A delicate story of objects, their intimacy with every aspect of a person's existence, the power of evocation they may possess by that very connection, and the necessity of a particular gaze, of a searching imagination to draw their qualities together into a story, the myth of an identity no longer truly approachable, but which can at least be adumbrated through the implements of its lost existence.
"I have bought up all of her belongings that were put on sale -that woman whose friend I would like to have been, and who did not even condescend to talk to me for a few minutes. I have the little card game that kept her amused every evening, her two marmosets, three novels that bear her coat of arms on their boards, and her bitch. Oh, you delights and dear playthings of her life, you had access -without enjoying them as I would have done, and without even desiring them- to all her freest, most inviolable, and most secret hours; you were unaware of your happiness and you cannot describe it.

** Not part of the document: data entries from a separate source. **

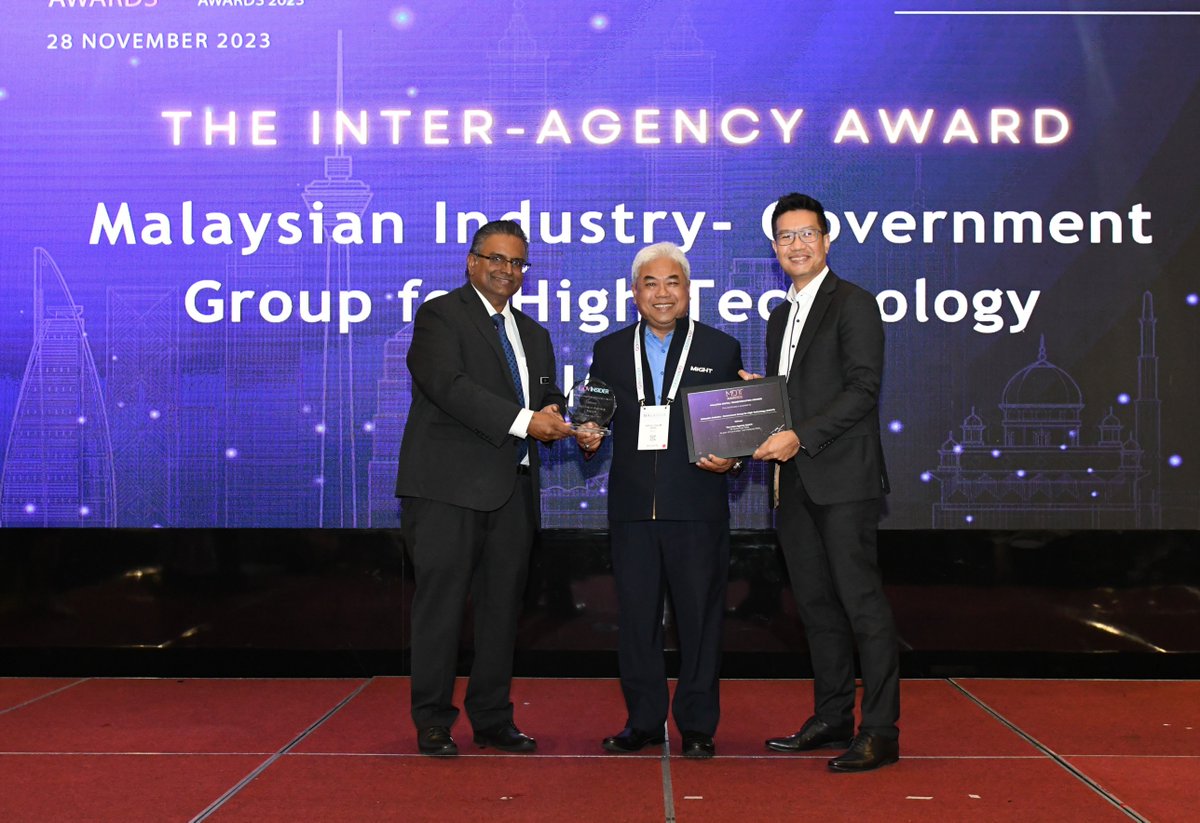 GovInsider's tweet photo. Kudos to the Malaysian Industry-Government Group for High Technology on winning The Inter-Agency Award at the #MalaysiaDigitalTransformationAwards! 

Special Mention goes to Digital Educational Learning Initiative Malaysia (DELIMa)!🌟 

Congratulations to both agencies! 🎉 https://t.co/MZ5bxsT1Xj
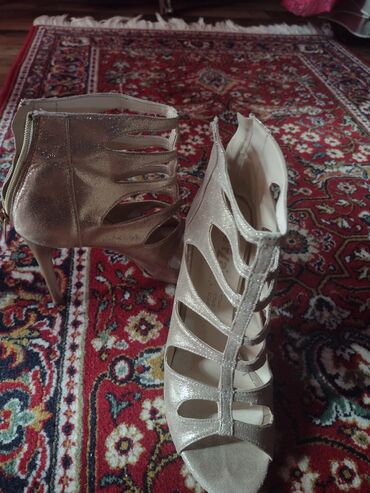 zara zlatne sandale: Sandals, Perla, 37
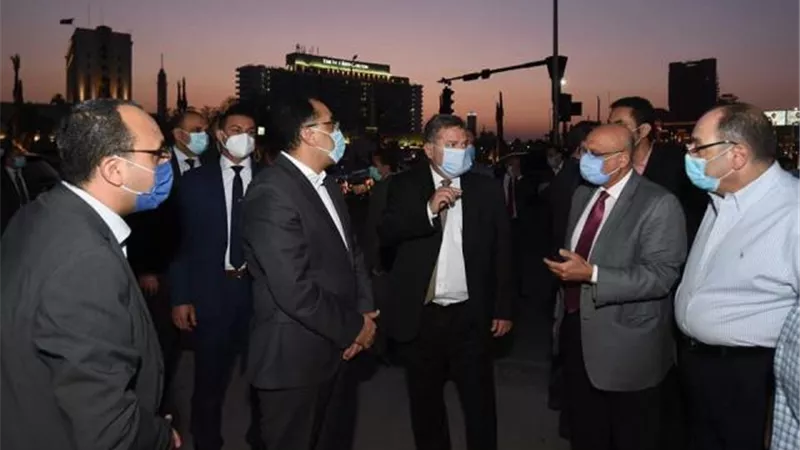 بالصور.. رئيس الوزراء يتفقد المرحلة النهائية لمشروع إضاءة ميدان التحرير بعد تطويره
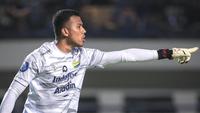 Kiper Persib Bandung, Teja Paku Alam pada laga lanjutan pekan ke-3 BRI Liga 1 2023/2024 antara Persib Bandung melawan Dewa United FC di Stadion Gelora Bandung Lautan Api (GBLA), Bandung, Jumat (14/07/2023). (Bola.com/Bagaskara Lazuardi)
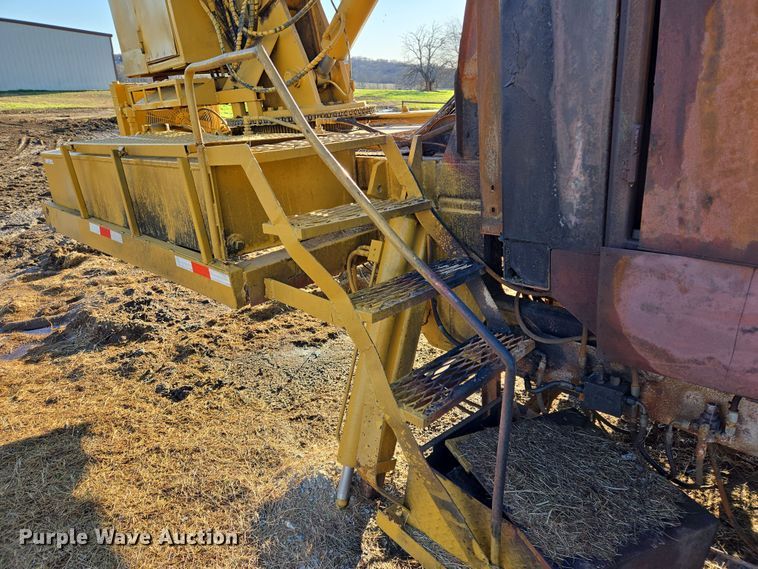 image for item EL5685 2004 Mighty Giant tub grinder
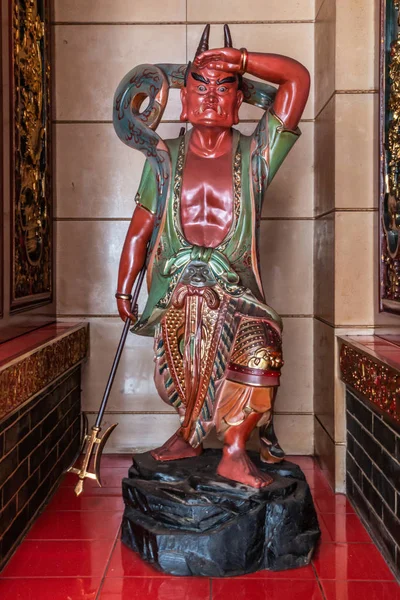 Red skin Devil statue at Tung Shan Temple, Hong Kong China. — Stock Photo, Image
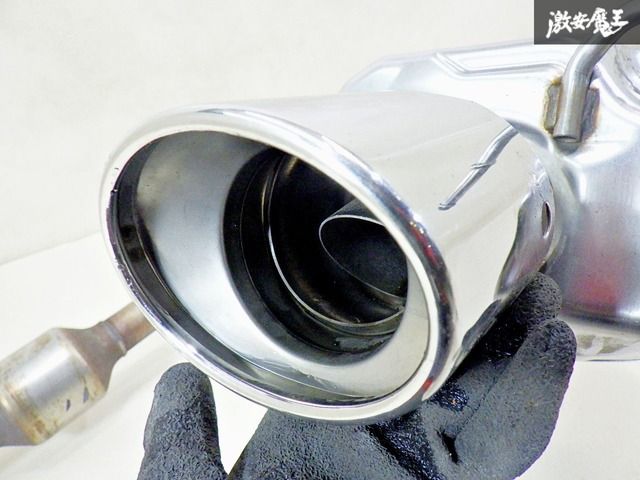 トヨタ純正 中間マフラー 触媒付き SANGO製 トヨタ純正 中間マフラー 触媒付き SANGO製 パーツ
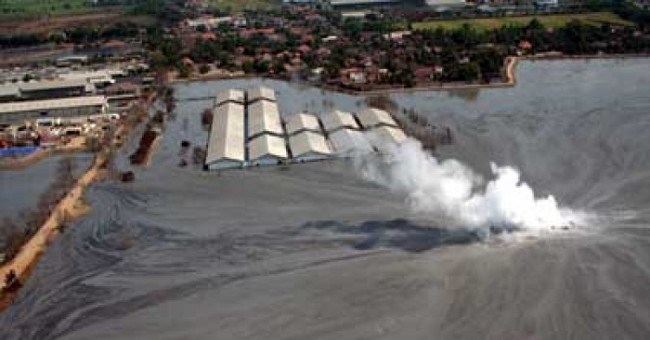 The land for 10 years was attacked by mud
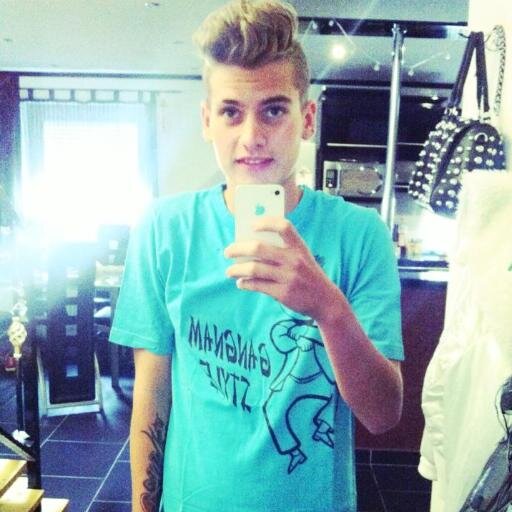 Follow me and follow back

Cards that she would hold in her fingers every evening with her
favourite friend who saw her getting bored or breaking into laughter, who were
witnesses to the start of her liaison, and whom she threw down to fling her
arms round the man who thereafter came every evening to enjoy a game with her;
novels that she would open and close in her bed, as her fancy or her fatigue
bade her, chosen by her on impulse or as her dreams dictated, books to which
she confided her dreams and combined them with dreams expressed by the books
that helped her better to dream for herself -did you retain nothing of her, and
can you tell me nothing about her?
Novels; she dreamed in turn the lives of your characters and of your
authors; and playing cards, for in her own way she enjoyed in your company the tranquility and sometimes the feverishness of intimate friendships -did you
keep nothing of her thoughts, which you distracted or filled, or of her heart,
which you wounded or consoled?
Cards, novels, you were so often in her hands, or remained for so long
on her table; queens, kings or knaves, who were the still guests at her wildest
parties; heroes of novels and heroines who, at her bedside, caught in the
cross-beam of her lamp and her eyes, dreamed your silent dream, a dream that was
nonetheless filled with voices: you cannot have simply let it evaporate -all
the perfume with which the air of her bedroom, the fabric of her dresses, and
the touch of her hands or her knees imbued you.
You have preserved the creases left
when her joyful or nervous hand crumpled you; you perhaps still keep prisoner
those tears which she shed, on reading of a grief narrated in some book, or
experienced in life; the day which made her eyes shine with joy or sorrow left
its warm hues on you. When I touch you, I shiver, anxiously awaiting your
revelations, disquieted by your silence. Alas! Perhaps, like you, charming and
fragile creatures, she was the insensible and unconscious witness of her own
grace. Her most real beauty existed perhaps in my desire. She lived her life,
but perhaps I was the only one to dream it."